Data Lakes Are Legacy Tech, Fivetran CEO Says
By some accounts, data lakes appear poised to supplant data warehouses as the center of gravity of modern analytics systems, particularly with today’s sophisticated data virtualization capabilities. But with the advent of cloud data warehouses that separate compute and storage, companies should take a hard look at their data lakes.
That’s the message that Fivetran CEO and co-founder George Fraser delivered during his keynote address for the “Modern Data Stack Conference 2020,” his company’s virtual conference that took place two weeks ago.
“In my opinion, data lakes are not part of the modern data stack. Data lakes are legacy,” Fraser said. “There are organizational [and] quasi-political reasons why people adopt data lakes. But there are no longer technical reason for adopting data lakes.”
Fraser is not advocating that companies (virtually) rip out their data lakes, like Amazon Web Services’ S3 or Microsoft Azure’s Data Lake Storage, and replace them with a cloud data warehouse, such as Snowflake’ offering or Google Cloud’s BigQuery.
“There are a lot of people who have data lakes because they inherited them, and that’s a perfectly valid reason to keep them going,” he said. “If you have a working system, you should keep using it. You shouldn’t take it out just for the sake of change.”
But if you were to build a new system from scratch, Fraser has a list of reasons why you should select a data warehouse rather than a data lake to live at the center of your modern data stack.
The first reason is cost.
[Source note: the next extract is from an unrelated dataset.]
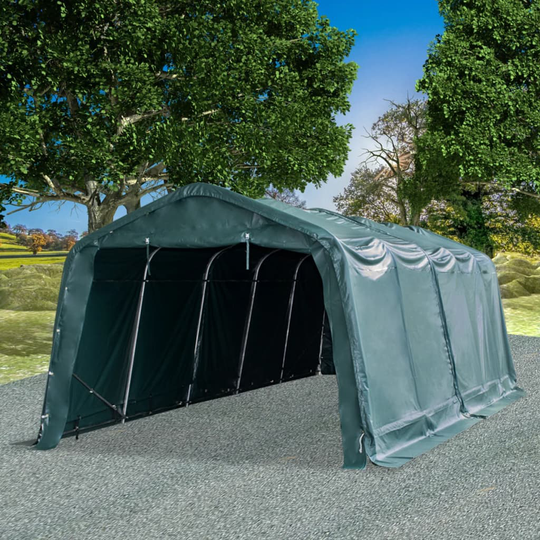 vidaXL Vindskydd för boskap PVC 550 g/m² 3,3x8 m mörkgrön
Data lakes grew in popularity because they carried a sizable cost advantage over data warehouses, Fraser said. Staging data in a data lake–essentially massive key-value stores accessible via a REST API–was much more affordable than storing data in a massively parallel processing (MPP) column-oriented relational database.
But with the separation of storage and compute in modern cloud data warehouses, the cost of storage has come down considerably, while simultaneously freeing customers to scale up processing to meet sudden changes in demand for massive SQL workloads. That essentially eliminated cost as a good reason for going with the data lake. And without the cost advantage, the technical shortcomings of analyzing data stored in a data lake compared to a data warehouse begin to rear their heads, Fraser said.
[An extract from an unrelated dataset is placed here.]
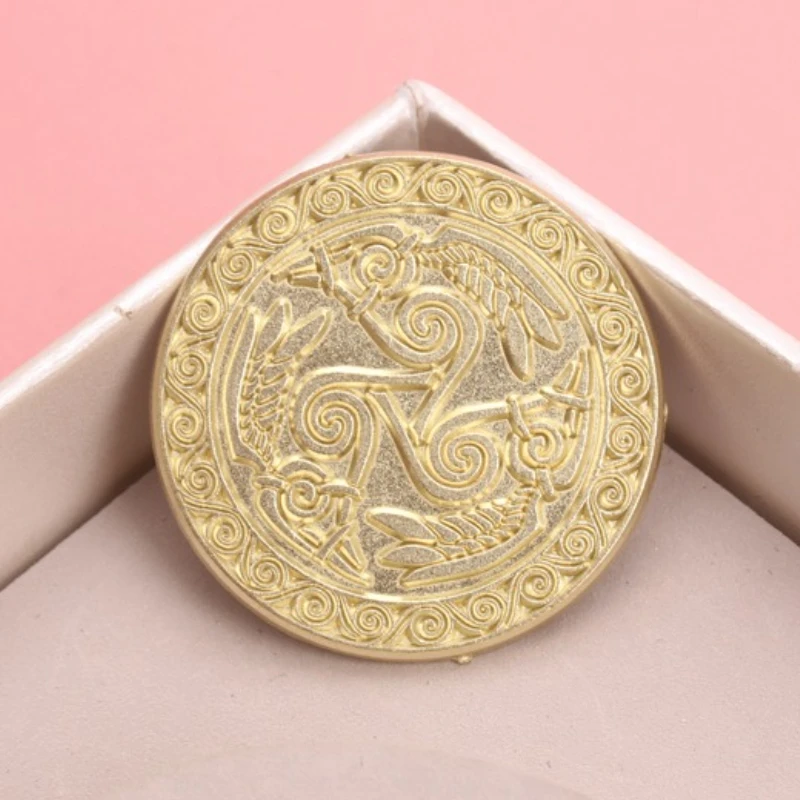 Broches esmaltados dorados símbolo nórdico bohemio para cazadora - imagen 5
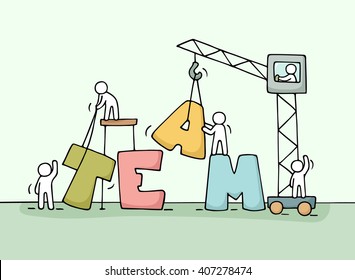 Sketch of teamwork with working little people. Doodle cute miniature of  word construction. Hand drawn cartoon vector illustration for business design and concepts.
“Data warehouses that separate compute from storage have all of the advantages of data lakes and more,” Fraser continued. “They give you the kind of user management [you expect]. They give you even better performance [than data lakes] because they can do optimizations by controlling both the storage format and the compute format…Data warehouses are just fundamentally more user friendly that data lakes are.”
Fivetran develops software designed to load data from source systems into cloud data warehouses, which is sometimes called ETL (extract, transfer, and load), except that Fivetran has adopted the ELT method, whereby the transformation of the data occurs in the data warehouse (and it doesn’t really do much of the “T” anyway).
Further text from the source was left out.